(Input for this task begins)
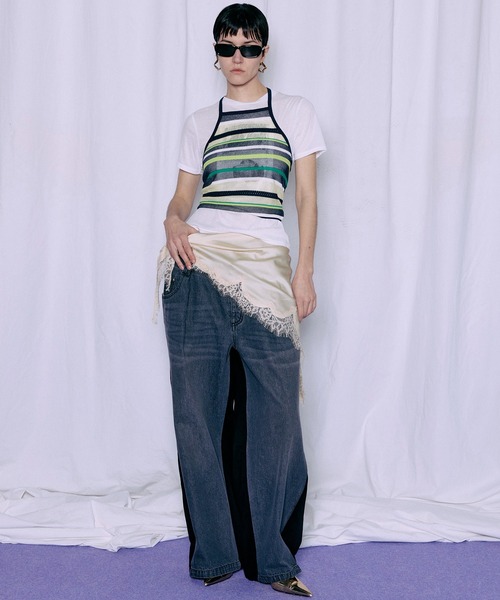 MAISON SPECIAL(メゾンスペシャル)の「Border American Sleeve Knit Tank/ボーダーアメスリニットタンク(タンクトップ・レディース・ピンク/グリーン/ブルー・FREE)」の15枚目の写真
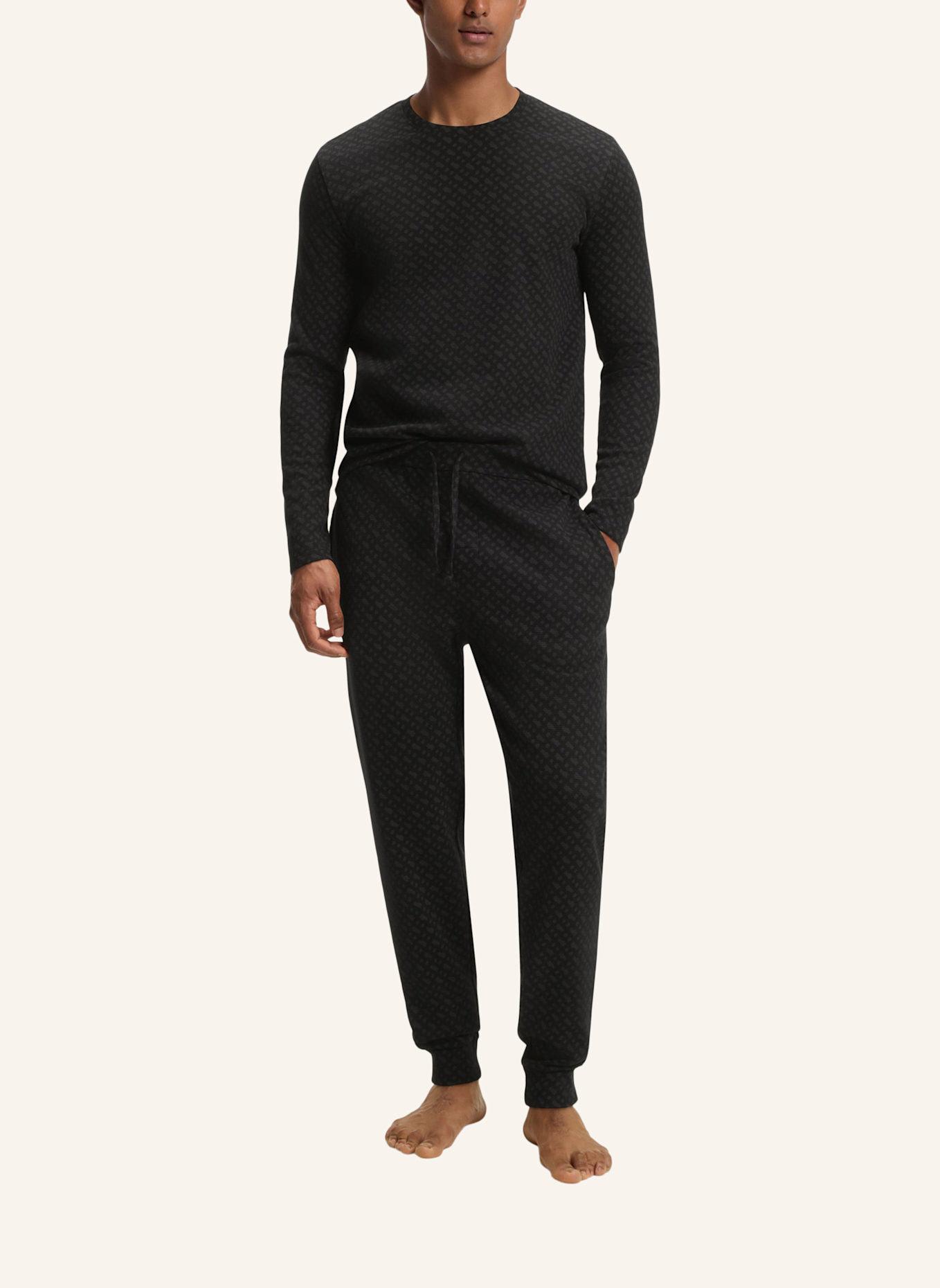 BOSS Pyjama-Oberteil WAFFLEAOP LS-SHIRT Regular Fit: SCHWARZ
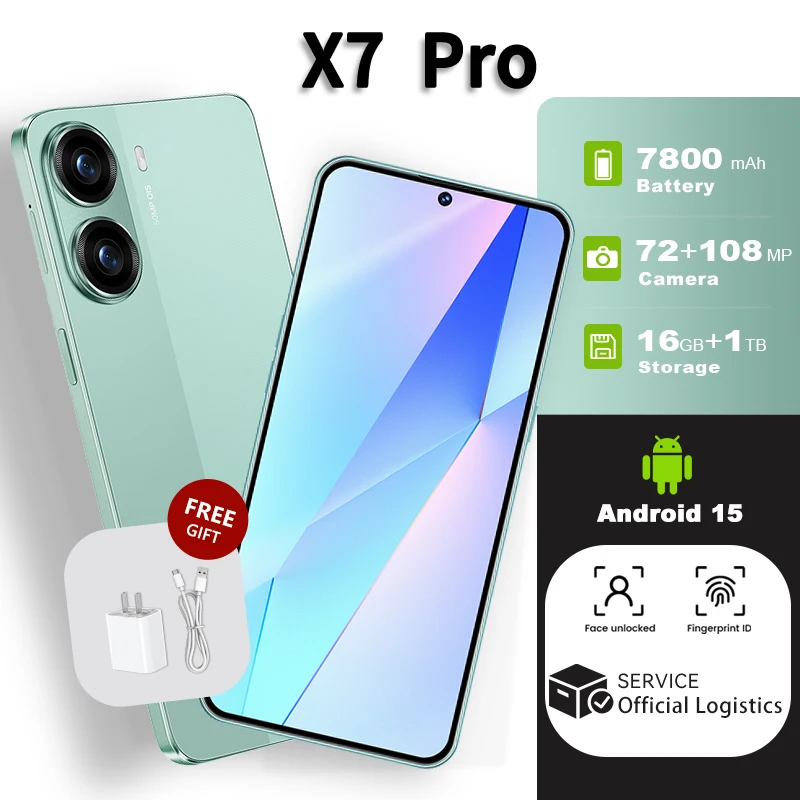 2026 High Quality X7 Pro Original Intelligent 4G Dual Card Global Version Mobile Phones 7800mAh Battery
(Input for this task ends)
(Input for this task begins)
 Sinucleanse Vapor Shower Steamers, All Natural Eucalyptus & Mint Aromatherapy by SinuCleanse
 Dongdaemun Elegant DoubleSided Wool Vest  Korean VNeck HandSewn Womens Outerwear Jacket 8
(Input for this task ends)
(Input for this task begins)
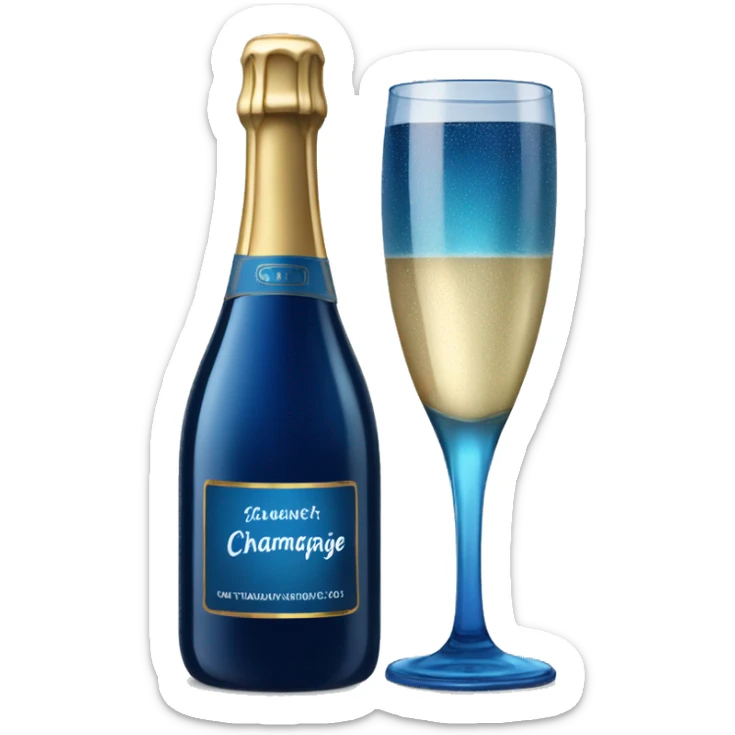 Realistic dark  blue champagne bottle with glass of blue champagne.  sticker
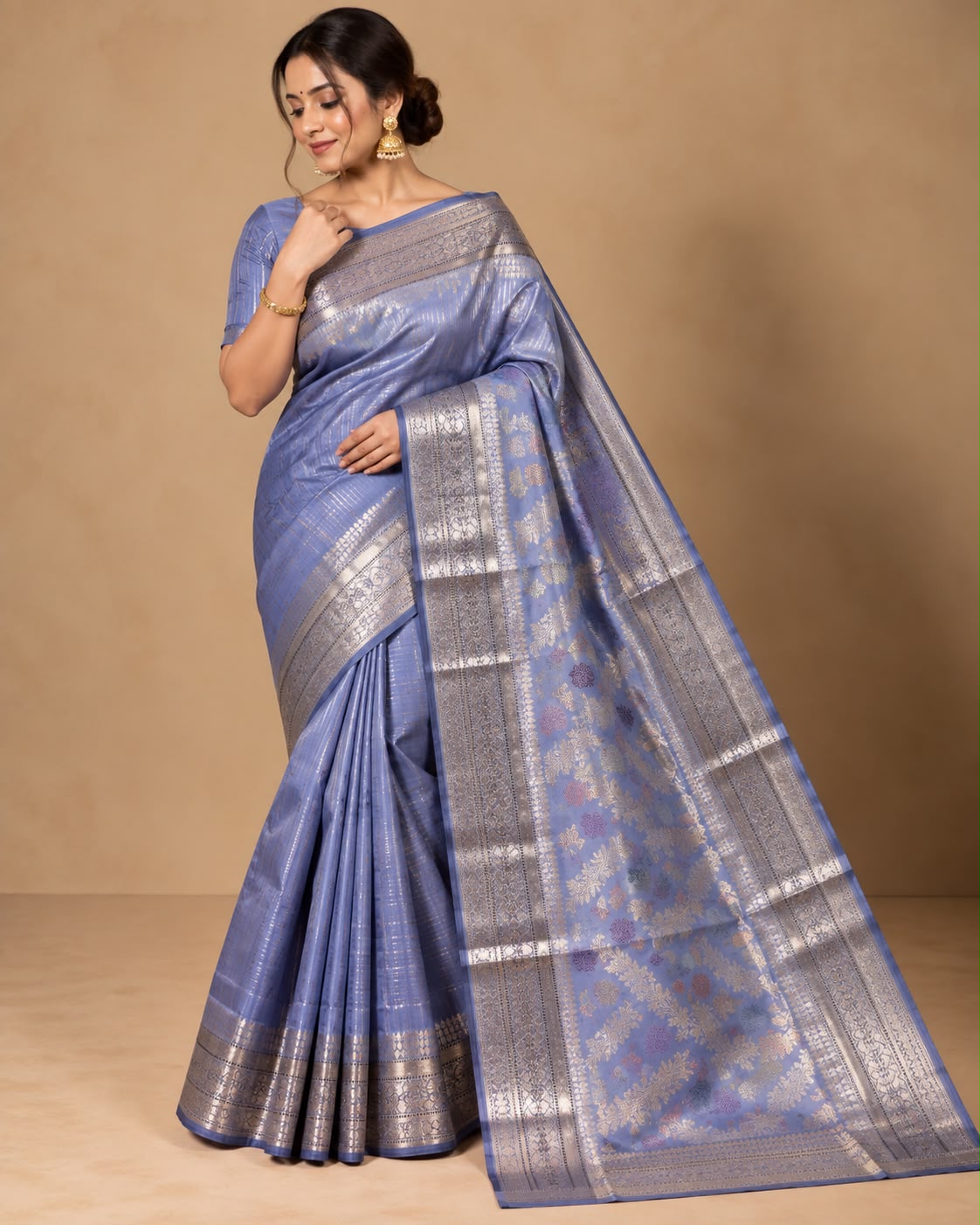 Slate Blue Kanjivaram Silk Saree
(Input for this task ends)
== Your task ==
Of the lines above, copy only those from the one holding "BOSS Pyjama-Oberteil WAFFLEAOP" to the one holding "2026 High Quality", both included, and exclude every image.

== Solved exercise ==
 BOSS Pyjama-Oberteil WAFFLEAOP LS-SHIRT Regular Fit: SCHWARZ
 2026 High Quality X7 Pro Original Intelligent 4G Dual Card Global Version Mobile Phones 7800mAh Battery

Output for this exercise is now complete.